Set down the whole listing below exactly. The pictures stay out.

Data block:
-- Opening Marker --
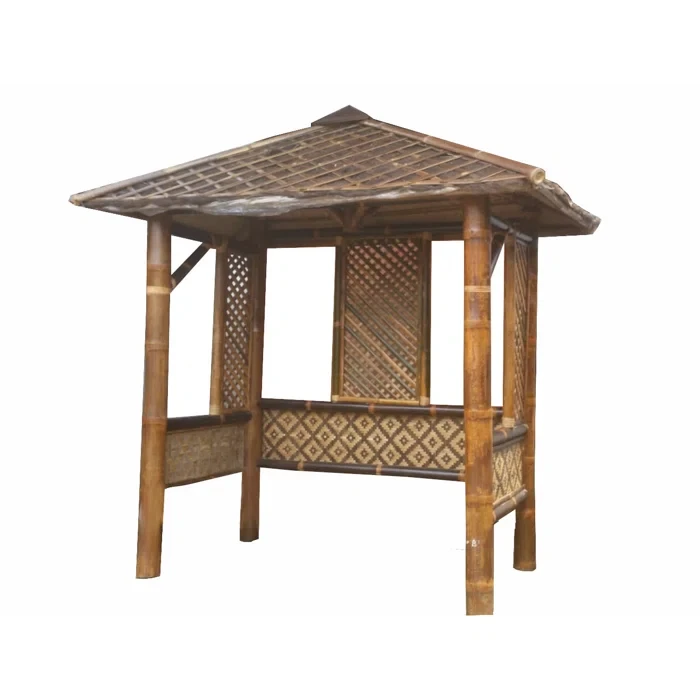 Solid Wood Patio Gazebo  7 Ft. W x 4 Ft. D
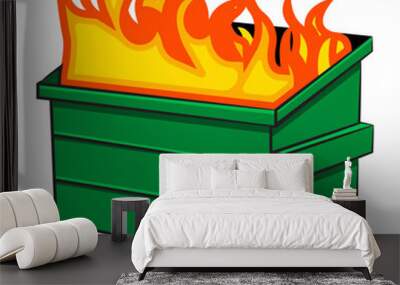 Cartoon style vector of a Dumpster Fire representative of a mismanaged situation Wall mural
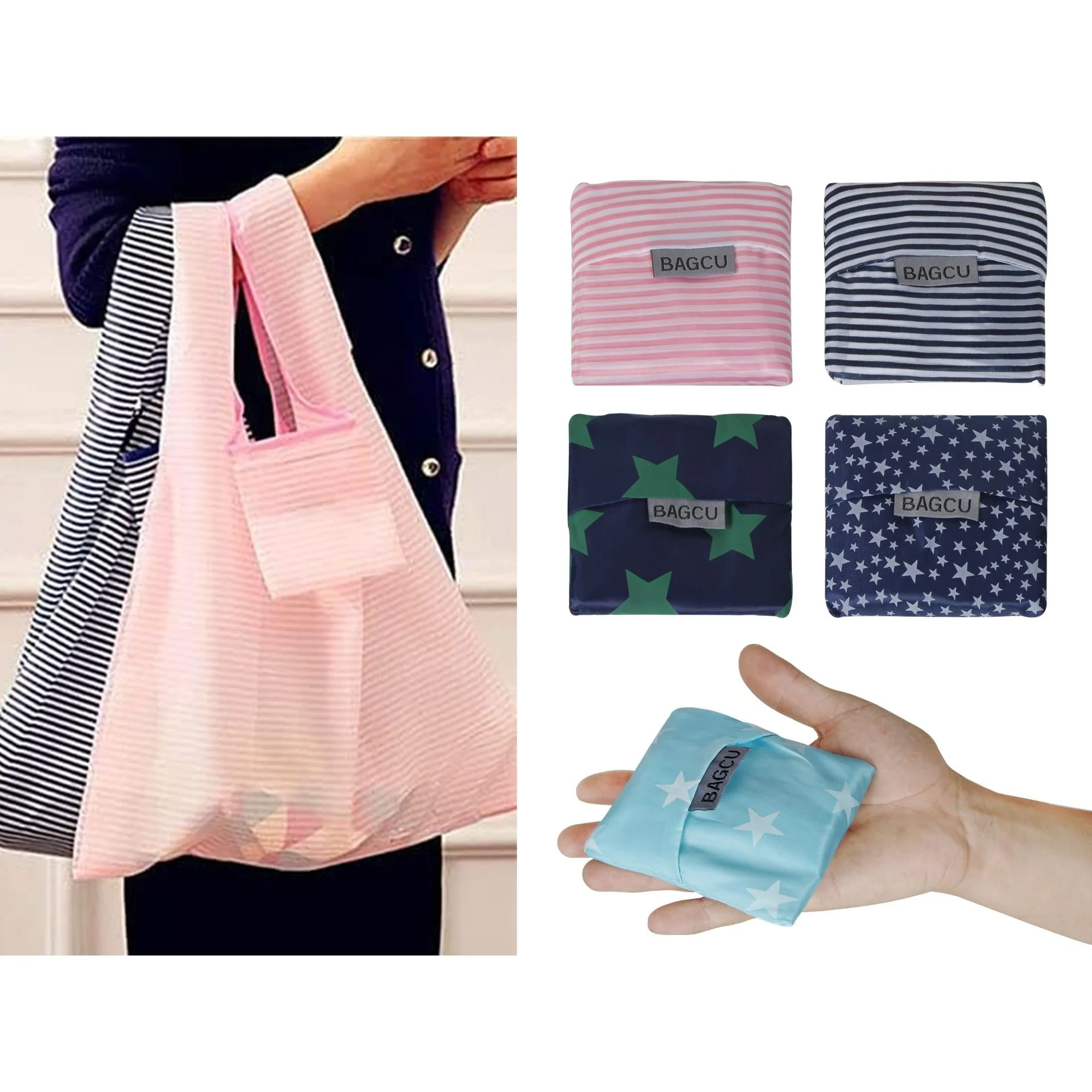 Foldable Reusable Bags Eco Grocery Shopping Bags - Set of 5 - Image 5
-- Closing Marker --
Output of the exercise:
 Solid Wood Patio Gazebo  7 Ft. W x 4 Ft. D
 Cartoon style vector of a Dumpster Fire representative of a mismanaged situation Wall mural
 Foldable Reusable Bags Eco Grocery Shopping Bags - Set of 5 - Image 5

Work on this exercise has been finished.